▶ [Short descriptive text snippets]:

◆ ◆ ◆ ◆ ◆ ◆ ◆

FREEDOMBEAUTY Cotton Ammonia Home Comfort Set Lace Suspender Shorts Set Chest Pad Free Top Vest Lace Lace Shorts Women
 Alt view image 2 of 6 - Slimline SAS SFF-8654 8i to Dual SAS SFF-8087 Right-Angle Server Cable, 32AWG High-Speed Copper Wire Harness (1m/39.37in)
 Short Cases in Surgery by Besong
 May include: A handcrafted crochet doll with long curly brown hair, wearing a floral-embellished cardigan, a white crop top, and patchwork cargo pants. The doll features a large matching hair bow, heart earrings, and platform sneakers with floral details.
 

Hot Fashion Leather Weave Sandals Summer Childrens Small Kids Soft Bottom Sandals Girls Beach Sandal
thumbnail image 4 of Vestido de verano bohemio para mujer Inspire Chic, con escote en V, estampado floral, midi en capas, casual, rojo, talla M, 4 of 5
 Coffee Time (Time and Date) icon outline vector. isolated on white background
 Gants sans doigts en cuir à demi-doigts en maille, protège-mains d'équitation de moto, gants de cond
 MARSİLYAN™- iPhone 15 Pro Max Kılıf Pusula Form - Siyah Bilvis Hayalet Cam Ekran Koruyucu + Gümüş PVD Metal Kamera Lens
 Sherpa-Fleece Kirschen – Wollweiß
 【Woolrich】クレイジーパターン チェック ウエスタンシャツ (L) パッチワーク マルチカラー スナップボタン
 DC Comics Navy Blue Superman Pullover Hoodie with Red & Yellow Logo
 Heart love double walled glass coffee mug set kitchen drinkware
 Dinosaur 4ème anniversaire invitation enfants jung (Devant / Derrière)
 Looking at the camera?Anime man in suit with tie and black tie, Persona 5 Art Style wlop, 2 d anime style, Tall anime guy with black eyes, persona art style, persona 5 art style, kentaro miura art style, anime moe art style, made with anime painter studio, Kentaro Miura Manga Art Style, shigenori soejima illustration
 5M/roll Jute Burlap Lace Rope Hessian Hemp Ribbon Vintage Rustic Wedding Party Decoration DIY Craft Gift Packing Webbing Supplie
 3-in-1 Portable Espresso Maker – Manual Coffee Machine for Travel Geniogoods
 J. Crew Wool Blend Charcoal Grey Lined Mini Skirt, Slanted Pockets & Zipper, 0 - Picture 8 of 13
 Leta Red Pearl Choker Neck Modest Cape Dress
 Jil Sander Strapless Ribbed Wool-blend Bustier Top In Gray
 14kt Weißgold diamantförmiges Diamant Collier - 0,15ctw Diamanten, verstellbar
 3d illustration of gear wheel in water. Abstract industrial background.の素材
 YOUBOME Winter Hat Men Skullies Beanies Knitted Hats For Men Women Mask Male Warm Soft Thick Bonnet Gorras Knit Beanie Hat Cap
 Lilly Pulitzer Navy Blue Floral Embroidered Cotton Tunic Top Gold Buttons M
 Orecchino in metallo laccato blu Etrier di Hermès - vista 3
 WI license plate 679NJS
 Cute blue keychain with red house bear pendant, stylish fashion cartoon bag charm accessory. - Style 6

◆ ◆ ◆ ◆ ◆ ◆ ◆

▶ [WORK INSTRUCTIONS]: Above are the records; copy exactly the lines from the line with "MARSİLYAN™- iPhone 15" through the line with "3-in-1 Portable Espresso", both included.

▶ [OUTPUT FOR THIS EXERCISE]:
 MARSİLYAN™- iPhone 15 Pro Max Kılıf Pusula Form - Siyah Bilvis Hayalet Cam Ekran Koruyucu + Gümüş PVD Metal Kamera Lens
 Sherpa-Fleece Kirschen – Wollweiß
 【Woolrich】クレイジーパターン チェック ウエスタンシャツ (L) パッチワーク マルチカラー スナップボタン
 DC Comics Navy Blue Superman Pullover Hoodie with Red & Yellow Logo
 Heart love double walled glass coffee mug set kitchen drinkware
 Dinosaur 4ème anniversaire invitation enfants jung (Devant / Derrière)
 Looking at the camera?Anime man in suit with tie and black tie, Persona 5 Art Style wlop, 2 d anime style, Tall anime guy with black eyes, persona art style, persona 5 art style, kentaro miura art style, anime moe art style, made with anime painter studio, Kentaro Miura Manga Art Style, shigenori soejima illustration
 5M/roll Jute Burlap Lace Rope Hessian Hemp Ribbon Vintage Rustic Wedding Party Decoration DIY Craft Gift Packing Webbing Supplie
 3-in-1 Portable Espresso Maker – Manual Coffee Machine for Travel Geniogoods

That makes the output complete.